Dataset entries
[Start of Attachment]
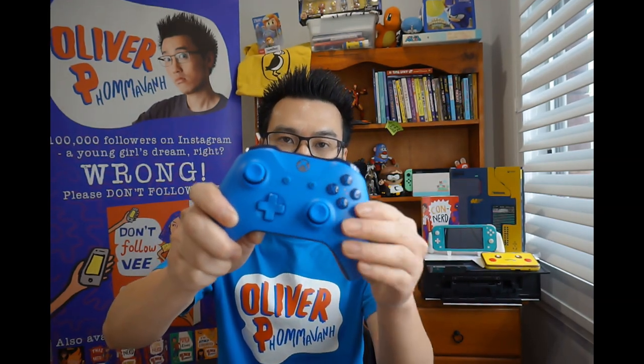We're gonna do this using a controller. I've got a whole ton of them at home because I'm a massive video game nerd. Let me show you some of my favorite controllers. Let's start off with Xbox — they do really great comfy controllers. Four buttons, and this is very important, and I'll tell you why later on.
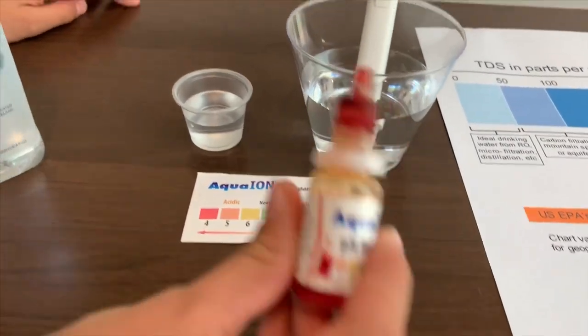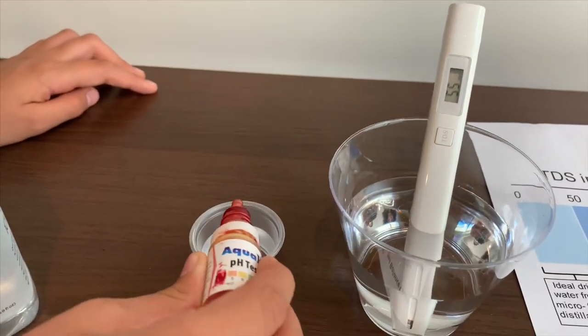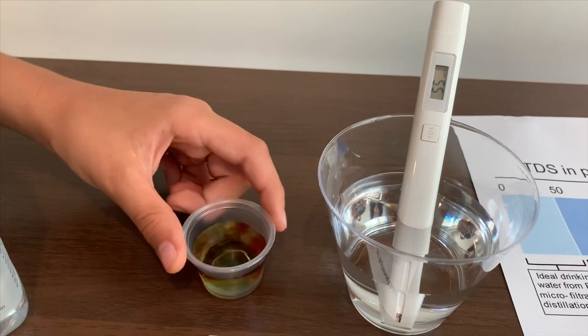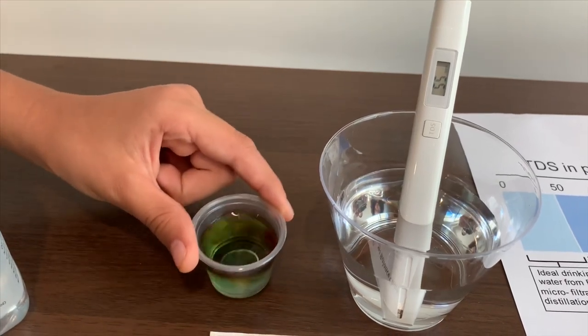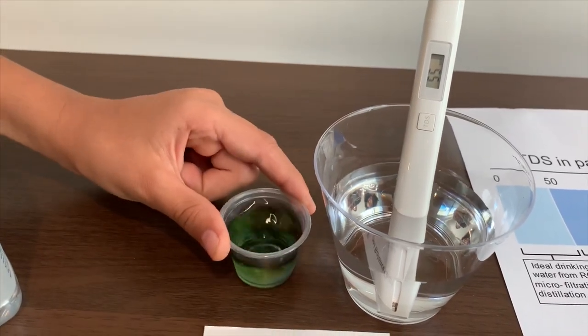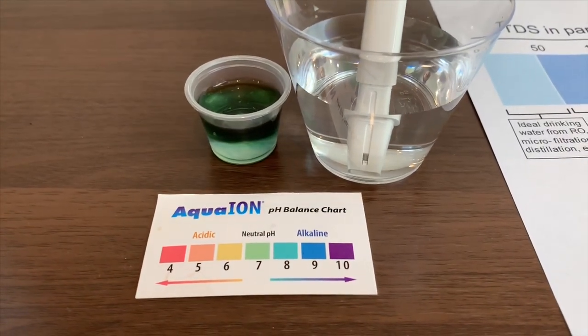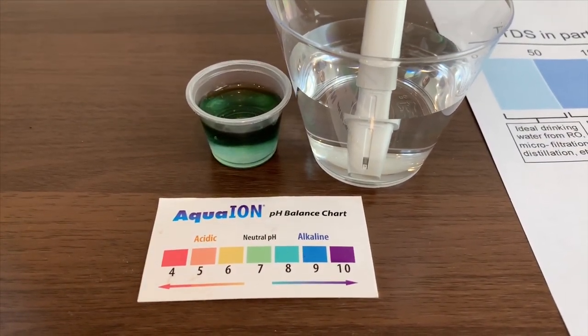Now let's test the pH level. Two drops on. It is an 8.4.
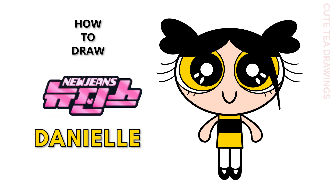Hey guys, welcome to Cute Tea Drawings. Today I'll be drawing Danielle from New Jeans as a Powerpuff Girl. I'll be drawing on my tablet, but you can also follow along on paper. Please remember to like and subscribe. Okay, now let's get started.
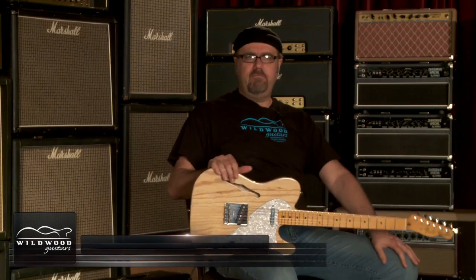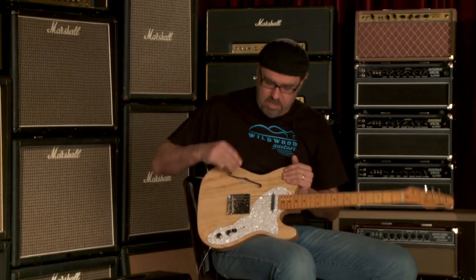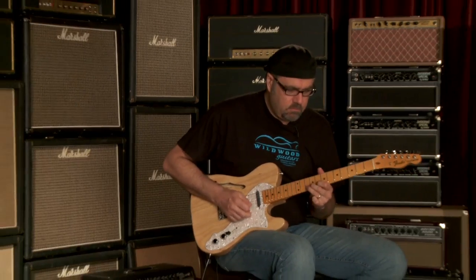Greg Koch here — American Vintage Thin Skin '68 Tele here, available at Wildwood Guitars. Greg Koch signing off.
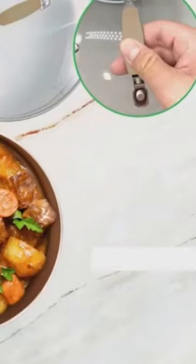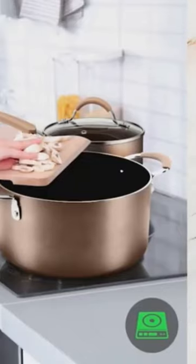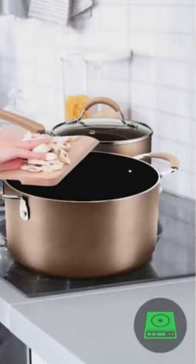The pot set features cool-touch ergonomic and heat-resistant handles ensuring comfortable and safe cooking. Offers sleek metallic design with anti-scratch polished stainless steel edges, adding an elegant touch to the pots and pans.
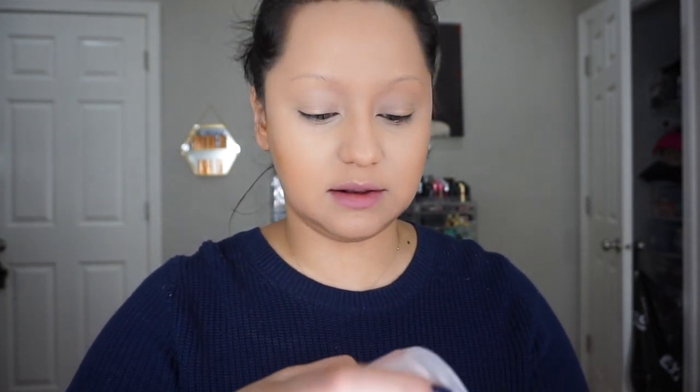I actually bought the Patrick Star powder when it came out in the red packaging, and I should have read the reviews beforehand. The packaging sucked, so what I did was empty it out into just a clear container. I use these for my brides — I always give them a little bit of powder to touch up throughout the night. I decided to empty it out because the packaging is really just wasteful and you lose so much product.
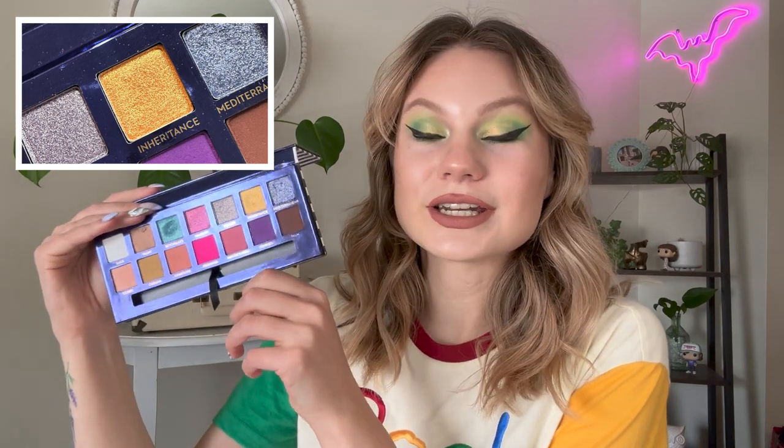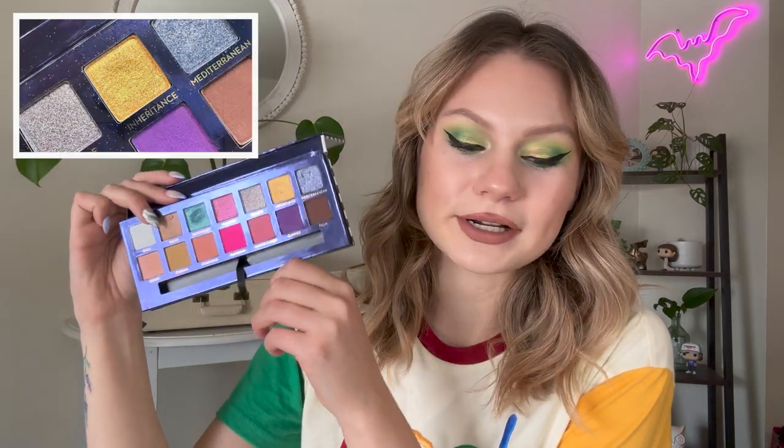Letter I comes from my ABH Riviera palette, and the shade we've been working on is Inheritance, which is this pretty yellow shimmer. I have only used Inheritance one time this month for a grand total of eight uses in the project, but I do have plenty of looks that I want to try with this one.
[End of Attachment]
▶ [Work to complete]: The copy must include every record exactly and none of the pictures.

▶ [Task answer]:
We're gonna do this using a controller. I've got a whole ton of them at home because I'm a massive video game nerd. Let me show you some of my favorite controllers. Let's start off with Xbox — they do really great comfy controllers. Four buttons, and this is very important, and I'll tell you why later on.
Now let's test the pH level. Two drops on. It is an 8.4.
Hey guys, welcome to Cute Tea Drawings. Today I'll be drawing Danielle from New Jeans as a Powerpuff Girl. I'll be drawing on my tablet, but you can also follow along on paper. Please remember to like and subscribe. Okay, now let's get started.
Greg Koch here — American Vintage Thin Skin '68 Tele here, available at Wildwood Guitars. Greg Koch signing off.
The pot set features cool-touch ergonomic and heat-resistant handles ensuring comfortable and safe cooking. Offers sleek metallic design with anti-scratch polished stainless steel edges, adding an elegant touch to the pots and pans.
I actually bought the Patrick Star powder when it came out in the red packaging, and I should have read the reviews beforehand. The packaging sucked, so what I did was empty it out into just a clear container. I use these for my brides — I always give them a little bit of powder to touch up throughout the night. I decided to empty it out because the packaging is really just wasteful and you lose so much product.
Letter I comes from my ABH Riviera palette, and the shade we've been working on is Inheritance, which is this pretty yellow shimmer. I have only used Inheritance one time this month for a grand total of eight uses in the project, but I do have plenty of looks that I want to try with this one.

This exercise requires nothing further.